Each of these conventional communications facilities involves certain limitations in their deployment. In the case of communications over the telephone network, high-speed data transmission, such as that provided by digital subscriber line (DSL) services, must be carried out at a specific frequency range so as to not interfere with voice traffic, and is currently limited in the distance that such high-frequency communications can travel. Of course, communications over “wired” networks, including the telephone network, cable network, or a dedicated network, requires the running of the physical wires among the locations to be served. This physical installation and maintenance is costly, as well as limiting to the user of the communications network.
Wireless communication facilities overcome the limitation of physical wires and cabling, and provide great flexibility to the user. Conventional wireless technologies involve their own limitations, however. For example, in the case of wireless telephony, the frequencies at which communications may be carried out are regulated and controlled. Furthermore, current wireless telephone communication of large data blocks, such as video, is prohibitively expensive, considering the per-unit-time charges for wireless services. Additionally, since it is common to have multiple users within a certain frequency range, wireless telephone communications are subject to interference among the various users within the nearby area. Radio frequency data communication must also be carried out within specified frequencies, and is also vulnerable to interference from other transmissions and sources of noise. Additionally, radio frequency communications is inherently insecure. This is due to the uncontained propagation of the signals. Satellite transmission is also currently expensive, particularly for bi-directional communications (i.e., beyond the passive reception of television programming).

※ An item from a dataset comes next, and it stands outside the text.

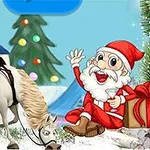 Julenisse som sitter ved siden av en hest og en sekk med gaver, med et snødekket landskap, et juletre og hus i bakgrunnen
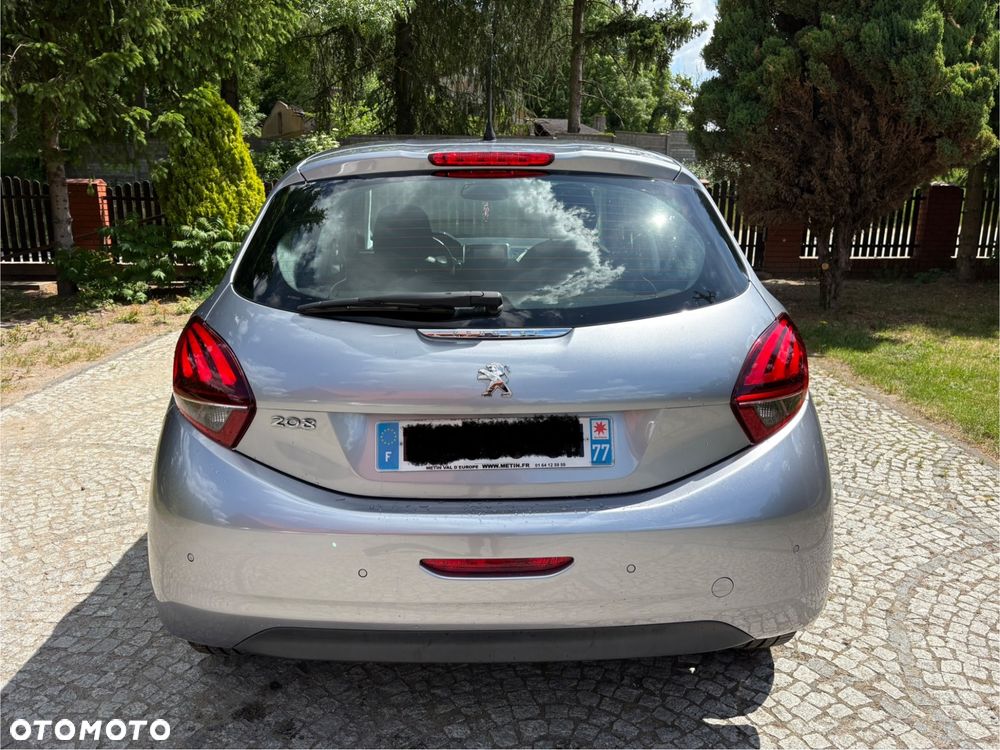 Peugeot 208 PureTech 82 Stop & Start Signature - 4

A relatively new technology that has been proposed for data communications is the optical wireless network. According to this approach, data is transmitted by way of modulation of a light beam, in much the same manner as in the case of fiber optic telephone communications. A photoreceiver receives the modulated light, and demodulates the signal to retrieve the data. As opposed to fiber optic-based optical communications, however, this approach does not use a physical wire for transmission of the light signal. In the case of directed optical communications, a line-of-sight relationship between the transmitter and the receiver permits a modulated light beam, such as that produced by a laser, to travel without the use of an optical fiber as a waveguide. Optical wireless communications is inherently secure because in order to snoop on the transmission, the transmission would need to be broken. A broken transmission link is readily detected.

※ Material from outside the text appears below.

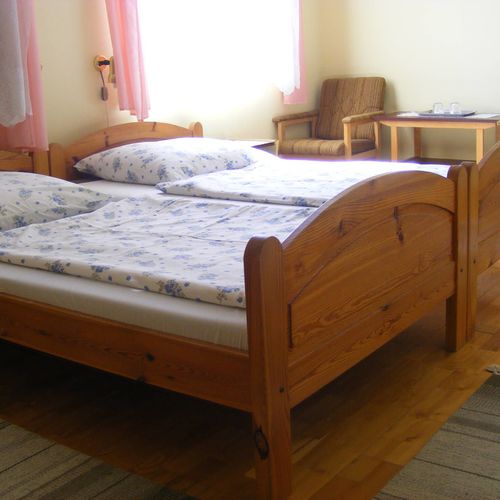 Pokój 3-osobowy na poddaszu z balkonem (możliwa dostawka)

It is contemplated that the optical wireless network according to this approach will provide numerous important advantages. First, high frequency light can provide high bandwidth, for example ranging from on the order of 100 mega-bits-per-second (Mbps) to several giga-bits-per-second (Gbps), when using conventional technology. Additionally, this high bandwidth need not be shared among users, when carried out over line-of-sight optical communications between transmitters and receivers. Without other users on the link, of course, the bandwidth is not limited by interference from other users, as in the case of wireless telephony. Modulation can also be quite simple, as compared with multiple-user communications that require time or code multiplexing to permit multiple simultaneous communications. Bi-directional communication can also be readily carried out according to this technology. Finally, optical frequencies are currently not regulated, and as such no licensing is required for the deployment of such networks.

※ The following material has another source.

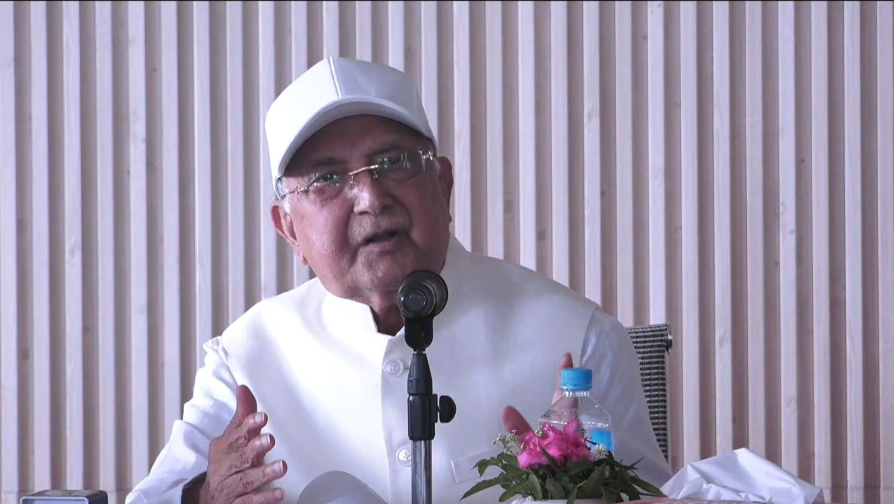 <span class='c1'>भोटेकोशी बाढी राष्ट्रिय शोकको विषय हो,</span> <span class='c2'>विपत्तिमाथि राजनीति गर्नु हुँदैन :ओली</span>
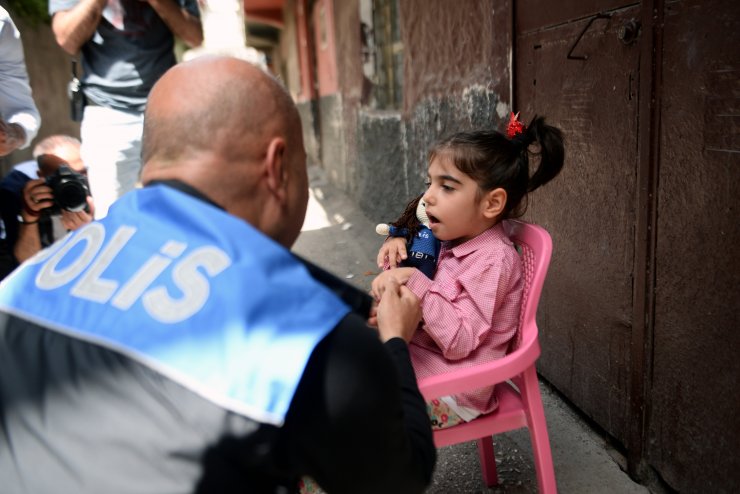 ALS hastası Merve'yi, terapiye polis götürdü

These attributes of optical wireless networks make this technology attractive both for local networks within a building, and also for external networks between buildings. Indeed, it is contemplated that optical wireless communications may be useful in data communication within a room, such as for communicating video signals from a computer to a display device, such as a video projector.
It will be apparent to those of ordinary skill in the art of the present invention that reflections of transmitted light beam from stray surfaces present in the operating environment of the optical wireless network may present themselves as a potential source of concern and compensation for such reflections is of importance to this technology. In fact, should a reflection be detected by an optical sensor of the transmitter that is the source of the transmission, it is possible for the transmitter to consider the reflection as a light beam from another transmitter and lock onto to the reflection of its own origin. Particularly for laser-generated collimated beams, which are particularly intense (i.e., high transmitted power with a small cross sectional area), reflections from stray surfaces may present many images of the transmitted signal with sufficient strength to affect system performance. Especially considering that in many contemplated applications of this technology, the transmitted light beam is transmitted through transparent plastic covers or through glass windows, many possible reflective bodies are present throughout the operating environment of the optical wireless network, providing many reflections of the transmitted light beams.
Therefore, a need exists in the art for an optical wireless link that can detect and determine reflections of its own transmitted light beam and to prevent the optical wireless link from locking onto the reflections.